Bei den Koalitionspartnern wurde dagegen deutlich, wer in der Regierung die Hosen an hat. Bei der DP wurde dem Vernehmen nach nur ansatzweise über Politik geplaudert. Und manche liberale Parlamentarier und Minister erachteten es gar nicht erst als notwendig, sich beim Essen unter die Journalistenmeute zu mischen, sondern blieben lieber unter sich.
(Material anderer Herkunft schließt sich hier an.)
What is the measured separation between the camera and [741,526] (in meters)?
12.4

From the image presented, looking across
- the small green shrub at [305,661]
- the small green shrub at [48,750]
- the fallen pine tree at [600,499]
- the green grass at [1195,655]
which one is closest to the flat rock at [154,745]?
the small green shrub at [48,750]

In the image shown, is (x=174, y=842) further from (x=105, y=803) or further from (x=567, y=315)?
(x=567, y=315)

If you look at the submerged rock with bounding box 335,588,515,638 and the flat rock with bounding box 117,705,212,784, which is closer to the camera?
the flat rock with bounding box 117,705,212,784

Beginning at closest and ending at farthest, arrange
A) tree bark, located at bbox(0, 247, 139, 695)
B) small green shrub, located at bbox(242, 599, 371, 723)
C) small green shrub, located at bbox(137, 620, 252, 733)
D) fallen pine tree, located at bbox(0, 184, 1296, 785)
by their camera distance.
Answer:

Bei der LSAP echauffierte sich dagegen so manch einer über die zunehmende Arroganz der Liberalen, die sich weniger am Speise- als am Kabinettstisch äußere. Oder vielmehr darüber, dass die Sozialisten seit der Mindestlohnerhöhung und dem zusätzlichen Urlaubstag ihr programmatisches Pulver schon verschossen hätten. Anders als bei den blauen und grünen Partnern waren bei der LSAP übrigens keine Minister beim Essen dabei. Die Tatsache, dass Lenert, Kersch und Co. aus Pandemie-Gründen verhindert waren, stieß selbst bei den überkritischen unter den Pressevertretern auf Verständnis.
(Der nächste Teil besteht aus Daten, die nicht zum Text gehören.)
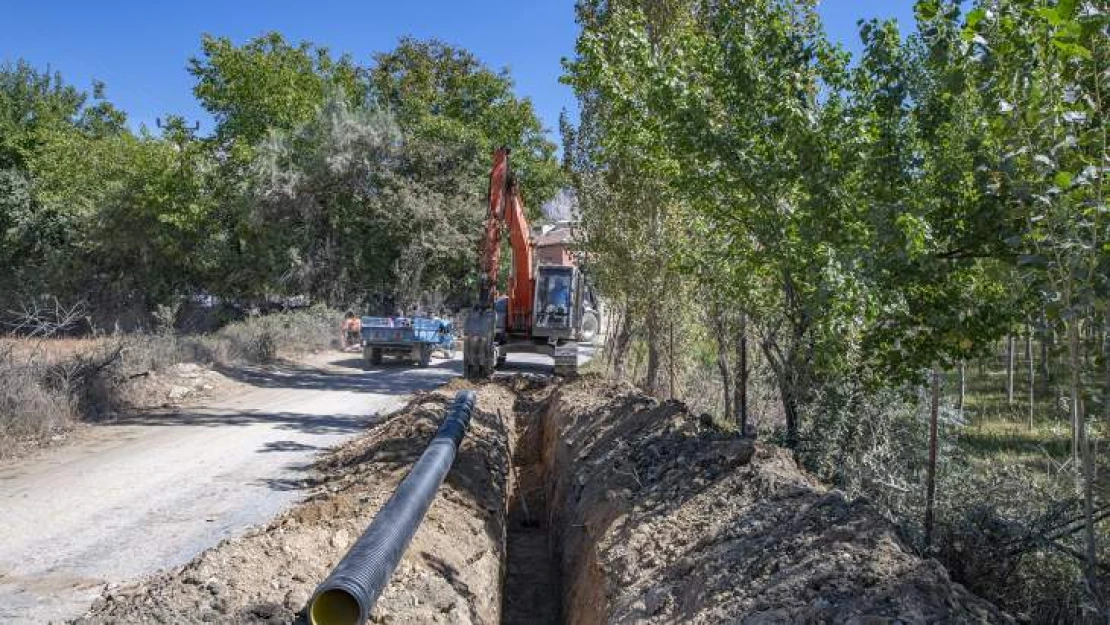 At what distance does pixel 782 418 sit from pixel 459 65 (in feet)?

Die Grünen, inklusive vollständiger Ministerriege, gaben sich dagegen sichtlich entspannt und sommerlich zuversichtlich. Die Pandemie hat zwar die Prioritäten verschoben und den grünen Höhenflug in den Umfragen gestoppt. Doch bis zu den kommenden Wahlen habe man noch die eine oder andere regierungspolitische Überraschung parat, hieß es bei Tisch. Dennoch will der Juniorpartner immer schön konstruktiv bleiben: Die Grünen verlieren nie ein böses Wort über die beiden Koalitionspartner. Und wenn doch, war es ohnehin „strictly off the record“ …
Anmerkung der Redaktion: Der Piraten-Abgeordnete Marc Goergen dementierte in einer Reaktion auf diesen Artikel formell, dass er bei der Pressekonferenz oder beim anschließenden Essen über seine Urlaubsvorlieben gesprochen habe. Die Textpassage wurde entsprechend angepasst.